Essa preocupação se intensifica pelo fato de o PL estar tramitando em regime de urgência, o que reduz o tempo de análise e debate aprofundado. A pressa em aprovar uma regulamentação tão ampla e sensível levanta suspeitas de que interesses patronais possam estar por trás da redação, buscando diluir fronteiras entre categorias e, com isso, reduzir a força de negociação coletiva. Em vez de fortalecer a proteção social, a medida pode acabar criando insegurança jurídica e fragilizando a representação sindical.
Impactos possíveis
- Divisão entre categorias: trabalhadores de diferentes setores podem ser agrupados de forma artificial, dificultando a atuação de sindicatos específicos.
- Enfraquecimento da negociação coletiva: a falta de clareza sobre filiação sindical pode reduzir a capacidade de reivindicar direitos.
- Precarização velada: ao misturar funções distintas, abre-se espaço para contratos mais frágeis e condições menos favoráveis.
- Desconfiança institucional: a pressa no trâmite gera a percepção de que não há espaço para diálogo transparente.
Pontos de defesa
- Fortalecer a consciência sindical: acompanhar de perto a tramitação do PL e participar das discussões promovidas por entidades representativas.
- Exigir clareza legislativa: pressionar parlamentares para que termos ambíguos sejam substituídos por definições alinhadas às normas nacionais.
- Unidade entre categorias: mesmo diante da tentativa de divisão, buscar alianças entre sindicatos de hospitalidade, alimentação e serviços.
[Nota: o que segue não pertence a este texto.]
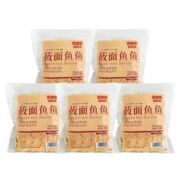 西贝莜面村 有机莜面鱼鱼200g*5筋滑爽道方便速食主食无汤款早餐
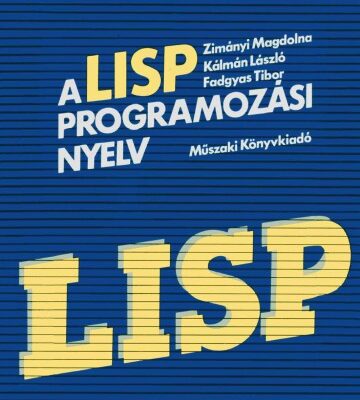 خرید و دانلود نسخه کامل کتاب A LISP programozási nyelv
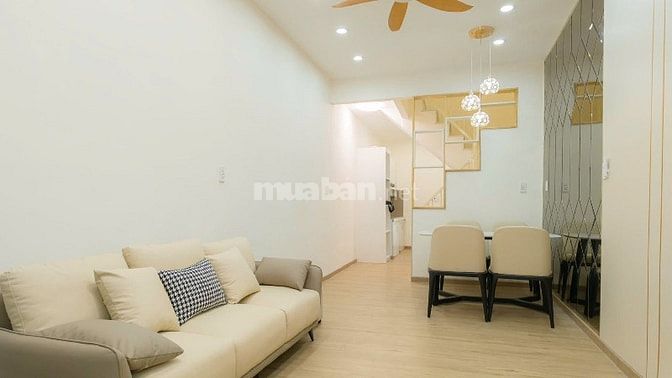 Q10 - Nguyễn Duy Dương  - 2 Tầng 31.2m2 - Nhà Mới Full NT - Chỉ 6.xđ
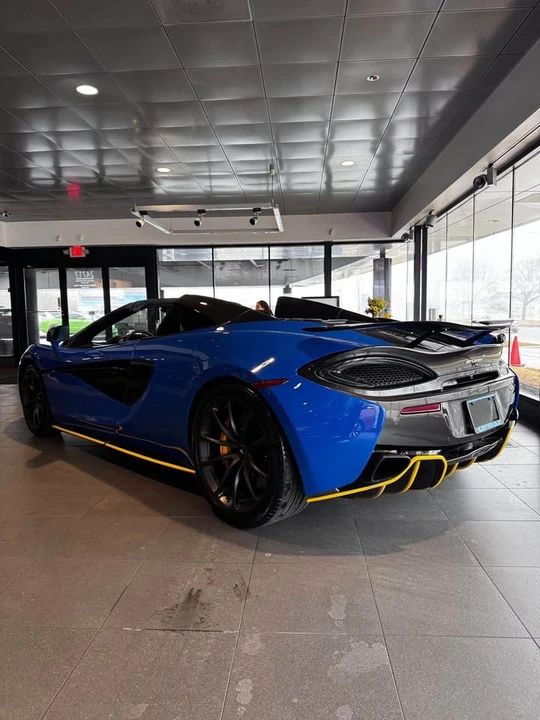 2019 McLaren 570S Spider - Image 7 of 18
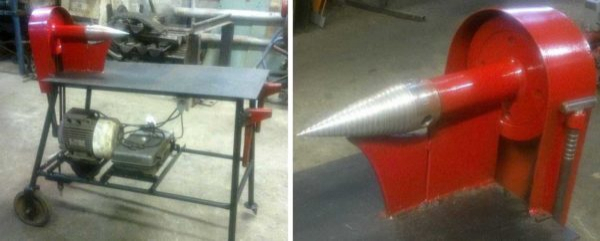 Как сделать дровокол Как сделать дровокол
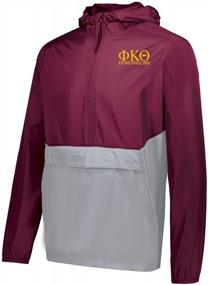 img 1 attached to Stay Ahead With Phi Kappa Theta'S Head Of The Pack Pullover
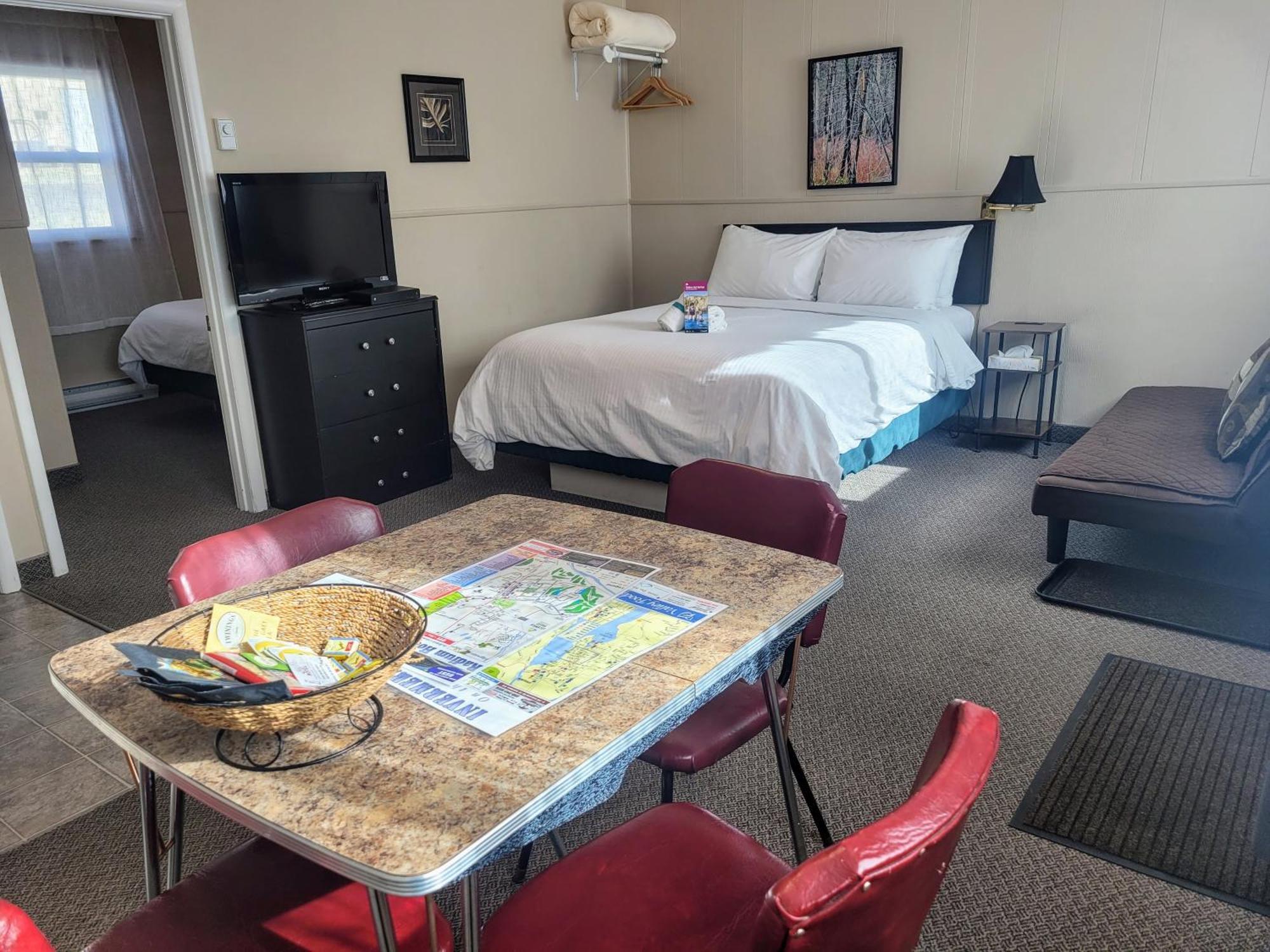 Lido Motel レイディアム・ホット・スプリングス エクステリア 写真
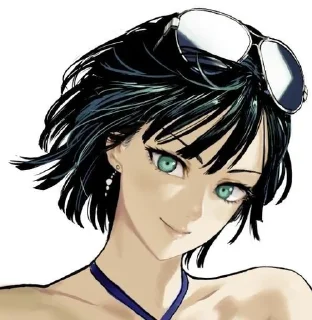 😊 emoji Fubuki-cr dia Telegram sticker 12 of 14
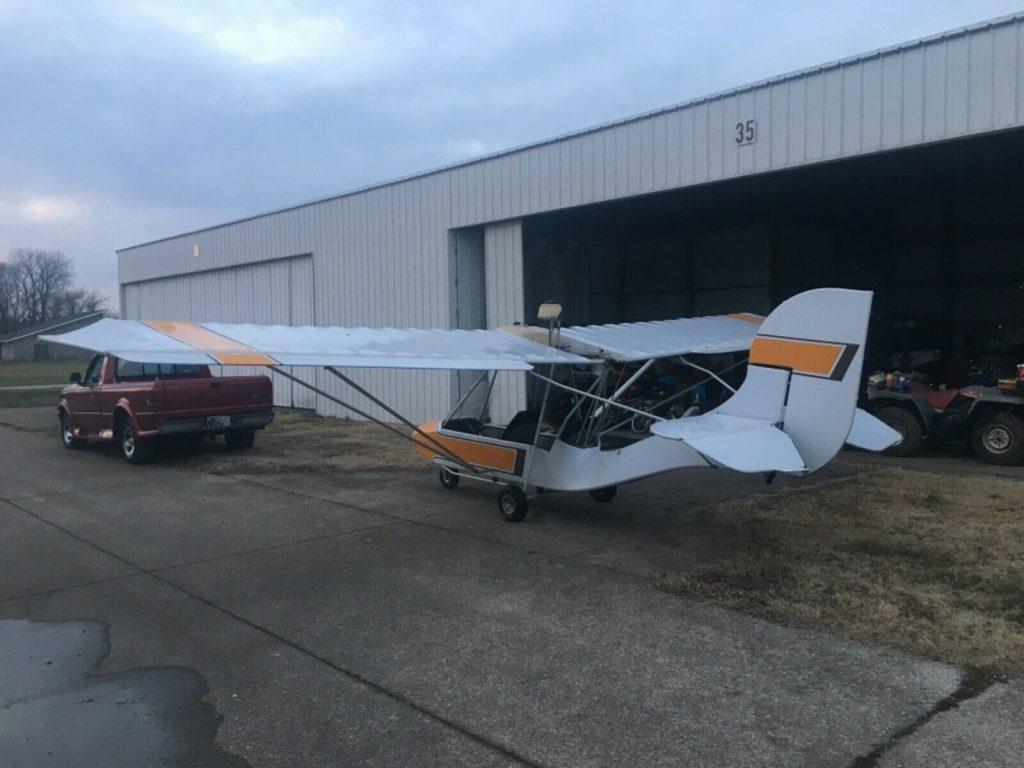 2 seat tandem 1990 Freebird ultralight aircraft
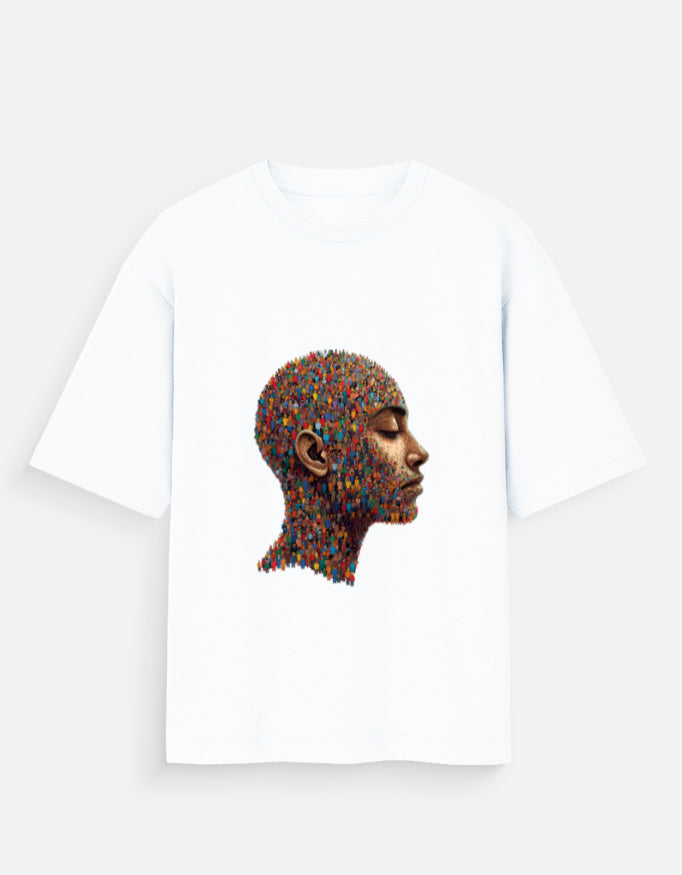 Alt text​Unisex Oversized Standard T-Shirt - ZENOBIA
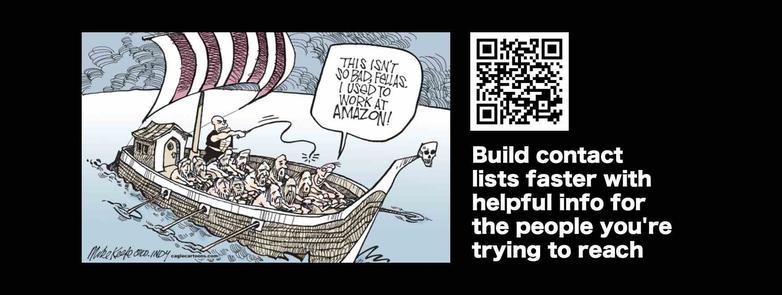 Build contact lists faster with helpful info for the people you're trying to reach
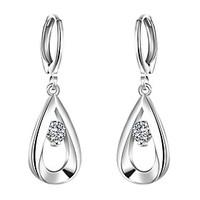 earring jewelry luremefashion style 925 sterling sliver with zircon te ...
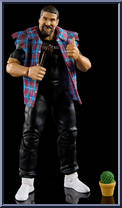 Commissioner Foley from WWE Elite Collection - Series 102 manufactured by Mattel [Loose]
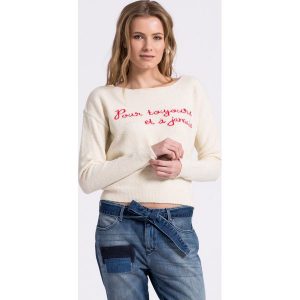 Review - Sweter. Swetry klasyczne marki Review. W wyprzedaży za 49,90 zł.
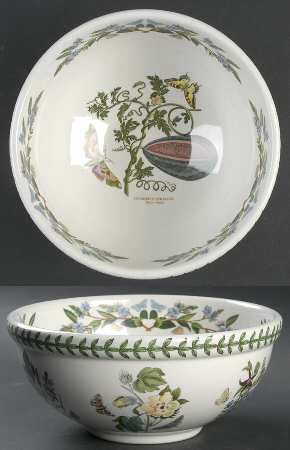 Botanic Garden 9" Salad Serving Bowl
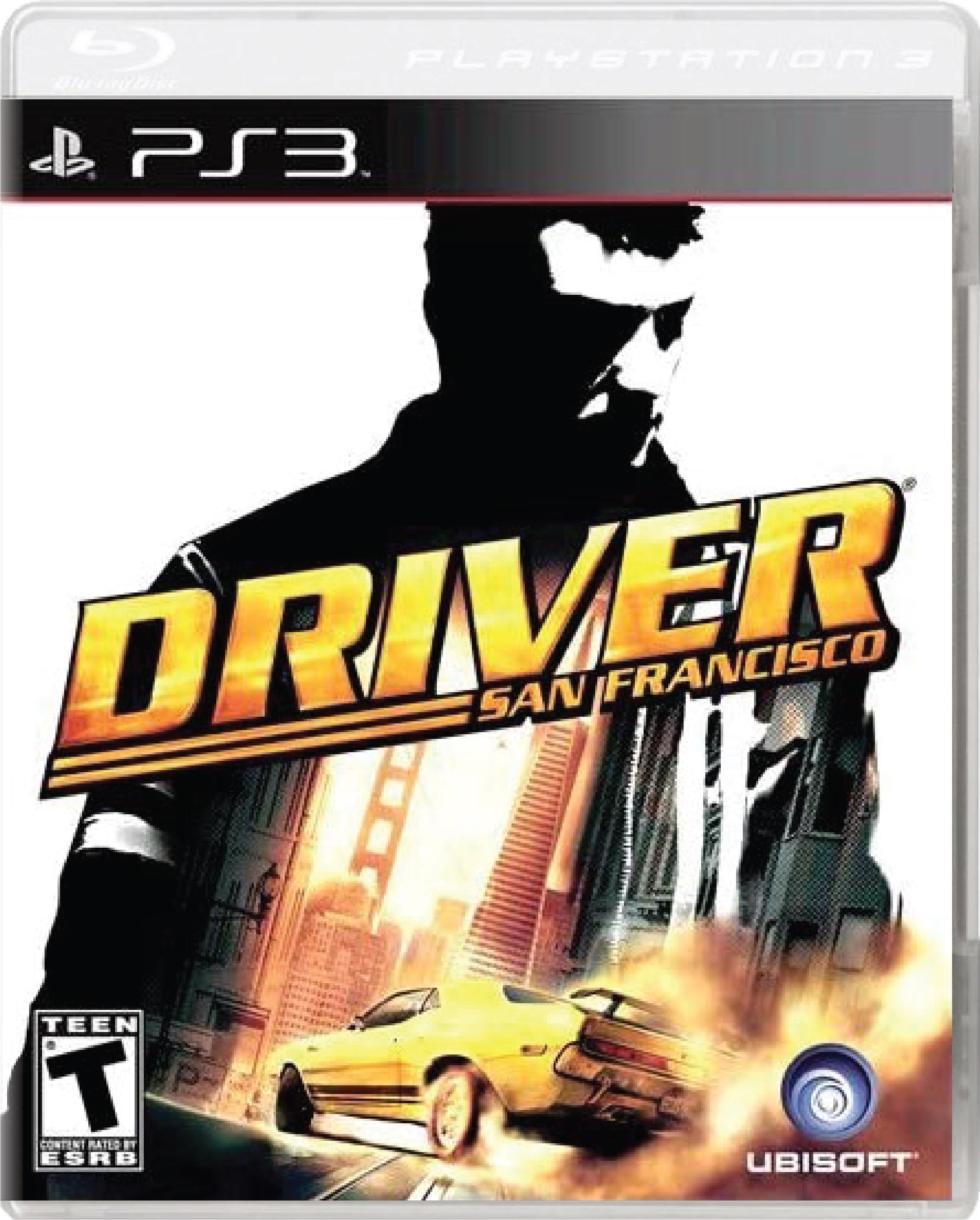 Driver San Francisco Cover Art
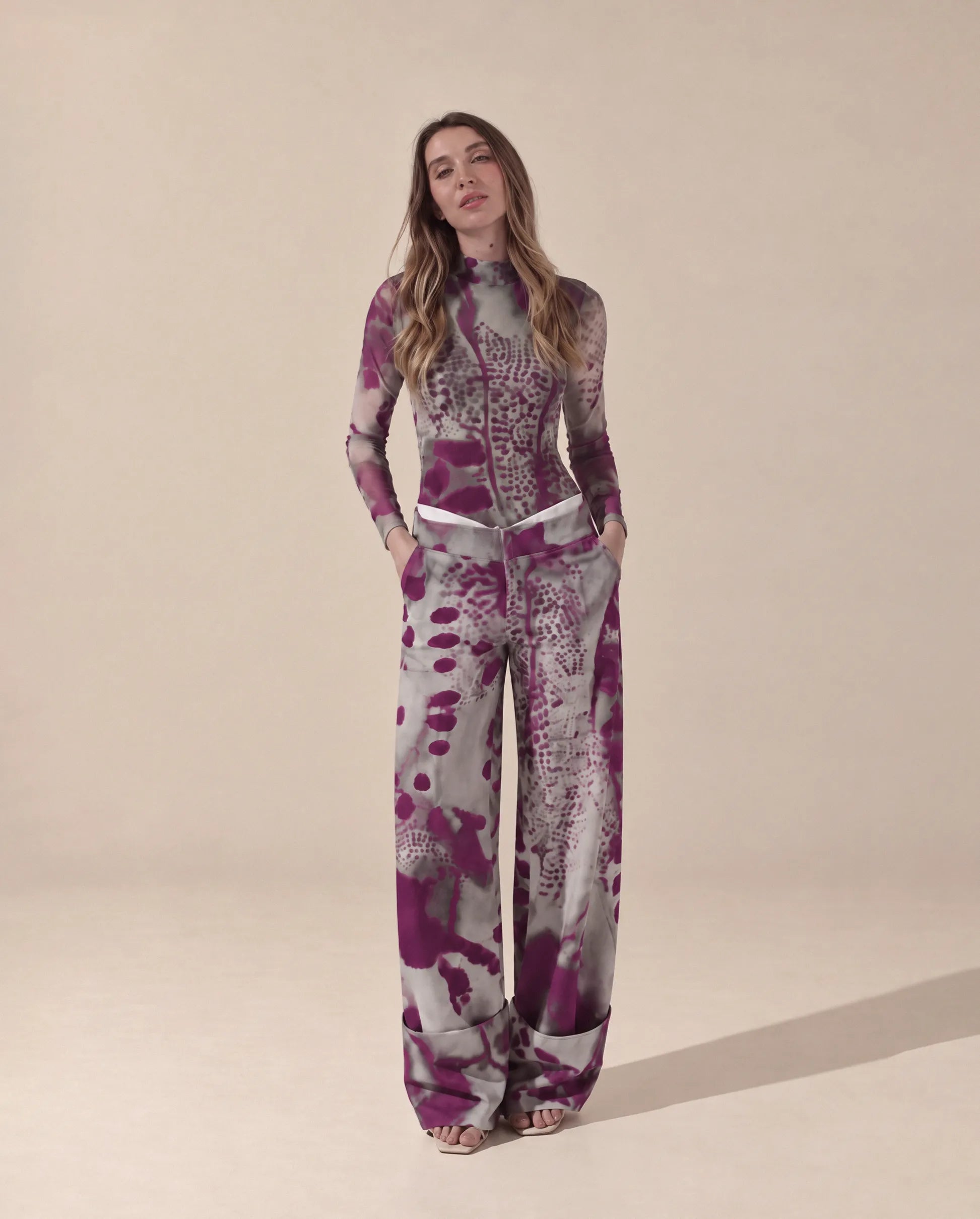 Loto Pant Print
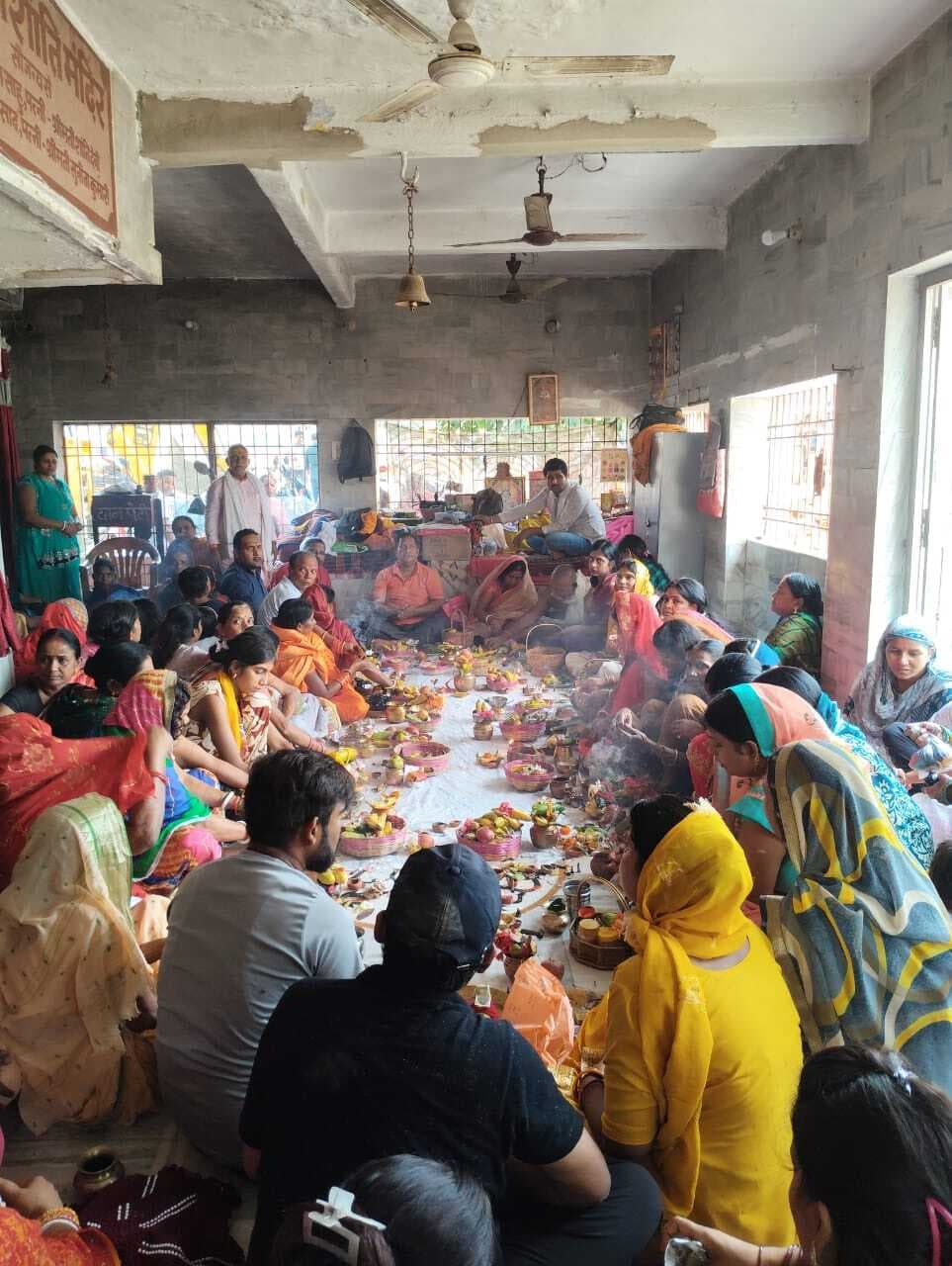 भक्तों ने मंत्रमुग्ध होकर सुनी भगवान अनंत देव की कथा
- Capacitação e profissionalização: investir em formação prática e em soft skills (ética, comunicação, responsabilidade), que já são exigidas internacionalmente.
- Mobilização social: ampliar o debate público para que a sociedade compreenda os riscos de uma regulamentação apressada e mal formulada.
Afinal, o PL 6601/2025 pode ser visto como uma oportunidade de regulamentar uma categoria essencial, mas também como um risco de confusão e enfraquecimento da representação sindical. Para os trabalhadores brasileiros, o alerta é claro: é preciso se preparar não apenas com qualificação profissional, mas também com consciência política e sindical, garantindo que qualquer avanço legislativo seja realmente em favor da classe trabalhadora.